First I wanted to make sure that the command does what I wanted. So I inputted the example given in VariationalD's "Examples" section:

 VariationalD[y[x] Sqrt[y'[x]], y[x], x]

This gives a result of $$ \frac{d}{dy[x]}(y[x] \cdot y'[x]^{1/2})=\frac{2 y'[x]^2+y[x] y''[x]}{4 y'[x]^{3/2}}. $$

Trying to reproduce this by hand I started with the product rule:

$$ \frac{d}{dy[x]}(y[x] \cdot y'[x]^{1/2})=y[x]\frac{d}{dy[x]}y'[x]^{1/2}+y'[x]^{1/2}\frac{d}{dy[x]}y[x] $$ The second term is just

$$ y'[x]^{1/2}\frac{d}{dy[x]}y[x]=y'[x]^{1/2}. $$

The first term, you use the chain rule on:

$$ y[x]\frac{d}{dy[x]}y'[x]^{1/2}=y[x]\frac{1}{2}y'[x]^{-1/2}\frac{d}{dy[x]}y'[x] $$ $$ \frac{d}{dy[x]}y'[x]=\frac{dx}{dy[x]}\frac{d}{dx}y'[x]=(\frac{dy[x]}{dx})^{-1}y''[x]=\frac{y''[x]}{y'[x]}. $$

Putting all of that together:

$$ \frac{d}{dy[x]}(y[x] \cdot y'[x]^{1/2})=y'[x]^{1/2}+\frac{1}{2}\frac{y[x]y''[x]}{y'[x]^{3/2}}. $$

Simplifying:

$$ \frac{d}{dy[x]}(y[x] \cdot y'[x]^{1/2})=\frac{2 y'[x]^2+y[x]y''[x]}{2 y'[x]^{3/2}}, $$

which is identical to the solution given by VariationalD except for a factor of 2. So I assumed it was a mistake I made somewhere (and it might be) and tried comparing every step I made when doing it by hand with the corresponding step in VariationalD. Eventually I discovered one difference in the step

 VariationalD[Sqrt[y'[x]], y[x], x]

which gives an answer of $\frac{y''[x]}{4y'[x]^{3/2}}$, a factor of 2 different than when I do it. I'm still not sure where the factor of 2 in the $y'[x]^{1/2}\frac{d}{dy[x]}y[x]$ step comes from.

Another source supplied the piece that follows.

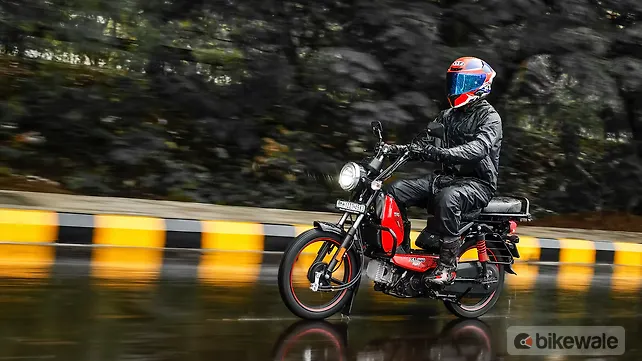 TVS XL 100 Heavy Duty Riding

I kept messing around with it and found that

 VariationalD[y'[x],y[x],x]=0

which can't be right. For example, if $y[x]=x^2$ and $y'[x]=2 x$,

$$ \frac{dy'[x]}{dy[x]}=\frac{d(2x)}{dx^2}=2(\frac{dx^2}{dx})^{-1}=2(2x)^{-1}=\frac{1}{x}. $$

So why is VariationalD giving a zero answer? It's even weirder because $\frac{dy'[x]}{dy[x]}$ comes up when you perform the original differentiation by hand as well. It can't be zero there either or the first term would vanish and the answer would just be $y'[x]^{1/2}$.

So am I making a stupid mistake in my differentiation? Even if so, why is VariationalD giving zero for the derivative with respect to a function of its derivative?

I've spent about an hour searching for anything relevant online, and...nothing.

Any help would be appreciated!

EDIT: I've been looking at the description of VariationalD more closely and now I'm not sure it does what I think it does, i.e.

 VariationalD[f[x],g[x],x]

gives $\frac{df[x]}{dg[x]}$ as output. Is this correct? Looking at the description it now seems to me that it would give $f[x]\frac{df[x]}{dg[x]}$. But if that's the case then the output for my original expression is still wrong.

Answer

I think VariationalD[y'[x],y[x],x] indeed equals to zero.

You should not mistake functional derivative with ordinary derivative, where in the former case $y'$ is usually considered an independent variable to $y$. so functional $\mathrm{d} y'/\mathrm{d} y=0$ is just like an ordinary $\mathrm{d} a/\mathrm{d} b=0$.

The same reason you can't write something like this in calculus of variations

$$\frac{\partial J[x,y,y']}{\partial y}=\frac{\partial x}{\partial y}\frac{\partial J[x,y,y']}{\partial x}\,\text{,}$$

just like you can't write this in ordinary calculus:

$$\frac{\partial f(x,y,z)}{\partial y}=\frac{\partial x}{\partial y}\frac{\partial f(x,y,z)}{\partial x}\,\text{.}$$